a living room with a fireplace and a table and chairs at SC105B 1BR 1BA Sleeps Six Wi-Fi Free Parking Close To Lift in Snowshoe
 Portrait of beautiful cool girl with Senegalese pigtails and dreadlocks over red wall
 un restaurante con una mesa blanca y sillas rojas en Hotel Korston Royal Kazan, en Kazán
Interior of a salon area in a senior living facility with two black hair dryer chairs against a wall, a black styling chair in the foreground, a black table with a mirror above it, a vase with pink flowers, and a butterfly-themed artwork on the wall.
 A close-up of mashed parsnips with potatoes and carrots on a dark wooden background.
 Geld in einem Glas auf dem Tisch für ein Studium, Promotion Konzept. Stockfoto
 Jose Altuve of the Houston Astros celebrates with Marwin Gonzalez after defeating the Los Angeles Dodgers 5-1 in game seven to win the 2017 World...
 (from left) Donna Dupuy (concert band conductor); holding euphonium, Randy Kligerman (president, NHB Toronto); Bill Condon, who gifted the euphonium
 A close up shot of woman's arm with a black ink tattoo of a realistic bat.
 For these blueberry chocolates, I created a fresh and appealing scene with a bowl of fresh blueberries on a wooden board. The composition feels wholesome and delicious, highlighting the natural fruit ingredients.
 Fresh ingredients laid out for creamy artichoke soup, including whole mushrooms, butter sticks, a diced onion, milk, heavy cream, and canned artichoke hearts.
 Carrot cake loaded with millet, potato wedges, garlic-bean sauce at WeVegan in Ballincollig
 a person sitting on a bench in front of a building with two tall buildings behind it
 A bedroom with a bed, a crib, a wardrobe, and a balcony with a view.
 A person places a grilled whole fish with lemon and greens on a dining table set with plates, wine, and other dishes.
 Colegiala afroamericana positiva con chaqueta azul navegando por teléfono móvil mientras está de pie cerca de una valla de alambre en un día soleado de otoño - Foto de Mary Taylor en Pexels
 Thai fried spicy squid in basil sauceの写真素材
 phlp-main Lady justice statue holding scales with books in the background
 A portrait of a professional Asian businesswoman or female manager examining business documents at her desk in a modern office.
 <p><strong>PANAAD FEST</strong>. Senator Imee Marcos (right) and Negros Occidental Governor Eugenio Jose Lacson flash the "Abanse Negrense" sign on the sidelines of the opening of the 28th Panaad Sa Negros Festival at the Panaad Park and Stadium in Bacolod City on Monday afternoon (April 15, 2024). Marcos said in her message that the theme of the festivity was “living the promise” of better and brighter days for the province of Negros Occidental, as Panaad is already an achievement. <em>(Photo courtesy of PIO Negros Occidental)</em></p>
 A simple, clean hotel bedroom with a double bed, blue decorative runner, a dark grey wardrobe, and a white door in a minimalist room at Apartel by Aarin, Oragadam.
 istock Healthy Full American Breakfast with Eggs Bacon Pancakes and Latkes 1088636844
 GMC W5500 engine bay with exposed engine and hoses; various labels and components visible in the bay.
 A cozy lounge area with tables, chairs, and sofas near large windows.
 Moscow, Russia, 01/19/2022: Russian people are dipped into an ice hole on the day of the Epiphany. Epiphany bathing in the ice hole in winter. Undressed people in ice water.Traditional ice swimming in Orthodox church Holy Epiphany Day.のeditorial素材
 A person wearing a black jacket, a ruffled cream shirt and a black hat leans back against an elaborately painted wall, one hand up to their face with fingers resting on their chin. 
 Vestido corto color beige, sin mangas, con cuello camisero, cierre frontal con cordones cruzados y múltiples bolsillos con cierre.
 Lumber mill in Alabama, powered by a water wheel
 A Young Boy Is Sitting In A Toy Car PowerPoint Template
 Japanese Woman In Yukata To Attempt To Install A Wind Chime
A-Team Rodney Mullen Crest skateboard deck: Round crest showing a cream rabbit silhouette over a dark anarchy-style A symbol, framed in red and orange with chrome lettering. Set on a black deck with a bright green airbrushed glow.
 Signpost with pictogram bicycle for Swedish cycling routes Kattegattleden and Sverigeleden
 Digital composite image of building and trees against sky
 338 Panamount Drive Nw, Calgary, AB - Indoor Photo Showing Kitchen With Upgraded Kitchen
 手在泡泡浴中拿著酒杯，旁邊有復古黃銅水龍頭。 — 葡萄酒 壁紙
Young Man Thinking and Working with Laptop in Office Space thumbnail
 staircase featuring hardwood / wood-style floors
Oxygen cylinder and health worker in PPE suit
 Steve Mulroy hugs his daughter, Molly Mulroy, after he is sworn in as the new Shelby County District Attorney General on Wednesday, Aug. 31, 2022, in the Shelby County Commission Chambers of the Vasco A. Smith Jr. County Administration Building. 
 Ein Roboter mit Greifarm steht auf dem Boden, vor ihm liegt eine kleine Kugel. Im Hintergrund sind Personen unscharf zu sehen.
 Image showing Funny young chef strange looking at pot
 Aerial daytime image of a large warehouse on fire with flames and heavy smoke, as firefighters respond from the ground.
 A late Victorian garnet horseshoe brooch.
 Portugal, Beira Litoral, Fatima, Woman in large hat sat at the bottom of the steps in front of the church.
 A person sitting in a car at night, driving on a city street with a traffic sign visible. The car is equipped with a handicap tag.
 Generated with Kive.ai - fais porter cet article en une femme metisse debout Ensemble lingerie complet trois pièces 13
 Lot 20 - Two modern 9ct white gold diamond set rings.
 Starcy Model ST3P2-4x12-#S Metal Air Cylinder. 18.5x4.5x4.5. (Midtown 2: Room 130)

* [Directions] Please write out the whole of the material exactly.

* [Written solution]
a living room with a fireplace and a table and chairs at SC105B 1BR 1BA Sleeps Six Wi-Fi Free Parking Close To Lift in Snowshoe
 Portrait of beautiful cool girl with Senegalese pigtails and dreadlocks over red wall
 un restaurante con una mesa blanca y sillas rojas en Hotel Korston Royal Kazan, en Kazán
Interior of a salon area in a senior living facility with two black hair dryer chairs against a wall, a black styling chair in the foreground, a black table with a mirror above it, a vase with pink flowers, and a butterfly-themed artwork on the wall.
 A close-up of mashed parsnips with potatoes and carrots on a dark wooden background.
 Geld in einem Glas auf dem Tisch für ein Studium, Promotion Konzept. Stockfoto
 Jose Altuve of the Houston Astros celebrates with Marwin Gonzalez after defeating the Los Angeles Dodgers 5-1 in game seven to win the 2017 World...
 (from left) Donna Dupuy (concert band conductor); holding euphonium, Randy Kligerman (president, NHB Toronto); Bill Condon, who gifted the euphonium
 A close up shot of woman's arm with a black ink tattoo of a realistic bat.
 For these blueberry chocolates, I created a fresh and appealing scene with a bowl of fresh blueberries on a wooden board. The composition feels wholesome and delicious, highlighting the natural fruit ingredients.
 Fresh ingredients laid out for creamy artichoke soup, including whole mushrooms, butter sticks, a diced onion, milk, heavy cream, and canned artichoke hearts.
 Carrot cake loaded with millet, potato wedges, garlic-bean sauce at WeVegan in Ballincollig
 a person sitting on a bench in front of a building with two tall buildings behind it
 A bedroom with a bed, a crib, a wardrobe, and a balcony with a view.
 A person places a grilled whole fish with lemon and greens on a dining table set with plates, wine, and other dishes.
 Colegiala afroamericana positiva con chaqueta azul navegando por teléfono móvil mientras está de pie cerca de una valla de alambre en un día soleado de otoño - Foto de Mary Taylor en Pexels
 Thai fried spicy squid in basil sauceの写真素材
 phlp-main Lady justice statue holding scales with books in the background
 A portrait of a professional Asian businesswoman or female manager examining business documents at her desk in a modern office.
 <p><strong>PANAAD FEST</strong>. Senator Imee Marcos (right) and Negros Occidental Governor Eugenio Jose Lacson flash the "Abanse Negrense" sign on the sidelines of the opening of the 28th Panaad Sa Negros Festival at the Panaad Park and Stadium in Bacolod City on Monday afternoon (April 15, 2024). Marcos said in her message that the theme of the festivity was “living the promise” of better and brighter days for the province of Negros Occidental, as Panaad is already an achievement. <em>(Photo courtesy of PIO Negros Occidental)</em></p>
 A simple, clean hotel bedroom with a double bed, blue decorative runner, a dark grey wardrobe, and a white door in a minimalist room at Apartel by Aarin, Oragadam.
 istock Healthy Full American Breakfast with Eggs Bacon Pancakes and Latkes 1088636844
 GMC W5500 engine bay with exposed engine and hoses; various labels and components visible in the bay.
 A cozy lounge area with tables, chairs, and sofas near large windows.
 Moscow, Russia, 01/19/2022: Russian people are dipped into an ice hole on the day of the Epiphany. Epiphany bathing in the ice hole in winter. Undressed people in ice water.Traditional ice swimming in Orthodox church Holy Epiphany Day.のeditorial素材
 A person wearing a black jacket, a ruffled cream shirt and a black hat leans back against an elaborately painted wall, one hand up to their face with fingers resting on their chin. 
 Vestido corto color beige, sin mangas, con cuello camisero, cierre frontal con cordones cruzados y múltiples bolsillos con cierre.
 Lumber mill in Alabama, powered by a water wheel
 A Young Boy Is Sitting In A Toy Car PowerPoint Template
 Japanese Woman In Yukata To Attempt To Install A Wind Chime
A-Team Rodney Mullen Crest skateboard deck: Round crest showing a cream rabbit silhouette over a dark anarchy-style A symbol, framed in red and orange with chrome lettering. Set on a black deck with a bright green airbrushed glow.
 Signpost with pictogram bicycle for Swedish cycling routes Kattegattleden and Sverigeleden
 Digital composite image of building and trees against sky
 338 Panamount Drive Nw, Calgary, AB - Indoor Photo Showing Kitchen With Upgraded Kitchen
 手在泡泡浴中拿著酒杯，旁邊有復古黃銅水龍頭。 — 葡萄酒 壁紙
Young Man Thinking and Working with Laptop in Office Space thumbnail
 staircase featuring hardwood / wood-style floors
Oxygen cylinder and health worker in PPE suit
 Steve Mulroy hugs his daughter, Molly Mulroy, after he is sworn in as the new Shelby County District Attorney General on Wednesday, Aug. 31, 2022, in the Shelby County Commission Chambers of the Vasco A. Smith Jr. County Administration Building. 
 Ein Roboter mit Greifarm steht auf dem Boden, vor ihm liegt eine kleine Kugel. Im Hintergrund sind Personen unscharf zu sehen.
 Image showing Funny young chef strange looking at pot
 Aerial daytime image of a large warehouse on fire with flames and heavy smoke, as firefighters respond from the ground.
 A late Victorian garnet horseshoe brooch.
 Portugal, Beira Litoral, Fatima, Woman in large hat sat at the bottom of the steps in front of the church.
 A person sitting in a car at night, driving on a city street with a traffic sign visible. The car is equipped with a handicap tag.
 Generated with Kive.ai - fais porter cet article en une femme metisse debout Ensemble lingerie complet trois pièces 13
 Lot 20 - Two modern 9ct white gold diamond set rings.
 Starcy Model ST3P2-4x12-#S Metal Air Cylinder. 18.5x4.5x4.5. (Midtown 2: Room 130)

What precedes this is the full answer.